Sunday, January 3, 2010

Too much to chat, too little time

An article in last week’s Wall Street Journal showed how Linkedin is struggling to compete with Facebook. It pointed out that for the month of October, Linkedin visitors spent about 13 minutes on the site, while visitors to Facebook spent about 213 minutes. (MySpace visitors spent about 87 minutes.)

This is a problem for Linkedin. A problem of money. That’s because membership (and therefore profitability) is a function of time spent per person. The implication is that for Linkedin (53.6 million users) to attract members the way Facebook does (350 million members), users need to be given reasons to spend more time there. (More apps. is being suggested as the solution.)

Funny how in social media is measured by time spent. For me, social media is a technology (though not only a technology) – and I’m more likely to gauge its success in terms of time saved rather than time spent. Obviously using social media takes time. But I expect that, at some level, I’m getting more for my minute using social media than some other means of achieving the same goal.

On the other hand, TV is a technology and the more time spent (and wasted) the better. Which makes me wonder: Is social media more like TV than it is like Word or Google or even calculators or typewriters or printing presses?

It’s all got me thinking about the relationship between social media and time. How much time does social media consume? Where does that time come from (what are people doing less of)? What is being achieved in that time? And how is social media affecting our actual experience of time?

How much time does it consume?

In a blog devoted to exploring the use of social media by museums, the author – Nina Simon – suggests in a post called What can you accomplish in one week of web 2.0? that about 1.5 hours a week gets you participant status – looking around, checking things out, perhaps doing a basic Facebook page and Twitter feed. For 5 to10 hours, you can be a “content provider”– writing a blog or doing podcasts. And at 10 to 20 hours per week, you’re a full-fledged “community director” – someone who undertakes online projects that are bigger and more sophisticated than simple blogs. (A recent Neilsen report found that Internet users spent an average of 6.7 hours per week online.)

This is probably a conservative estimate at the heavy usage end. While the following estimate is about institutional rather than individual use, Amber Nasland’s article Social Media Time Management: Resource Allocation (in Social Media Today) suggests a pretty significant investment is needed to run a social media program.
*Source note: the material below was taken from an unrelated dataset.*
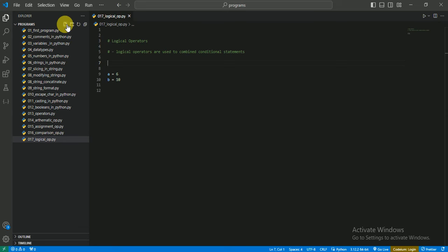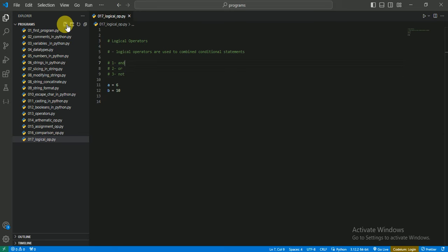In logical operators we have three operators: the first one is 'and', the second one is 'or', and the third one is 'not'. The 'and' operator means if both conditions are true then it returns true; if any condition is false it returns false. The 'or' operator returns true if any one condition is true, and false only if both conditions are false. The 'not' operator reverses the result — if the result is true it becomes false, and if false it becomes true.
She forecasts 4 and 9 full time equivalents to cover the spectrum of listening, engaging, and measuring. That’s between 150 and 337.5 hours per week.

This is probably a conservative estimate at the heavy usage end. While the following estimate is about institutional rather than individual use, Amber Nasland’s article Social Media Time Management: Resource Allocation  (in Social Media Today) suggests a pretty significant investment is needed to run a social media program. She forecasts 4 and 9 full time equivalents to cover the spectrum of listening, engaging, and measuring. That’s between 150 and 337.5 hours per week.

Is it television watching (as one would probably think)? Apparently not. The same recent Nielsen report found that television viewing time has actually risen – to about 140 hours and 20 minutes per month in the U.S. That’s about 35 hours per week or 5 hours per day. (People are also spending about 3 and a half hours per month watching videos online.) It represents a marked and fairly steady increase over the last 20 years.

What about reading books? According to a 2007 study by the National Endowment for the Arts, book reading is indeed in decline. Fewer than half of Americans over 18 read ANY novels, short stories, plays or poetry. It found that Americans between 15 and 24 spent about 7 to 10 minutes a day on voluntary reading. (That’s about a half hour or so a week – compared with 35 for TV.)

What is being achieved in this time?

Since most of this blog is devoted in some form to exploring this issue, just a few questions rather than conclusions. Is social media making people smarter? Is reading online doing for us what reading books does? (That same Nielsen report says that, while internet use rises, literacy scores fall. Both writing and reading scores correlate directly to amount of time spent reading books for fun. As of 2006, less than one third of high school seniors in the U.S. were found to read proficiently – compare with 40 per cent in 1992.)

What about our experience of time?

A huge question – but some quick observations:

1. Social media compresses time. In the SM world there is no waiting. There is no night and day. There is no rest. One is always on, always available, always there. Immediacy is taken for granted. Email is a generation old because it doesn’t allow you to connect instantly. It doesn’t tell you whether your contact is there, ready, instantaneous. Time is obliterated. Gratification is instant. If you can’t get it done in minutes, it’s not worth doing. (This blog post is way too long.)

2. Social media accelerates time. Because all time is shared and social, the need to stay in touch just to keep up with the events of one’s community mean that there is no rest, that a day away from a computer can actually feel like weeks.

3. Social media flattens time. In the Web 2.0 world, the world of constant beta where there are no phases, no stages, but constant and consistent improvement, waiting becomes unacceptable. Time is no longer seen as divided into periods. There is no first and second. There is only now.

So much more to think about here. But for now I’m out of time. And so are you.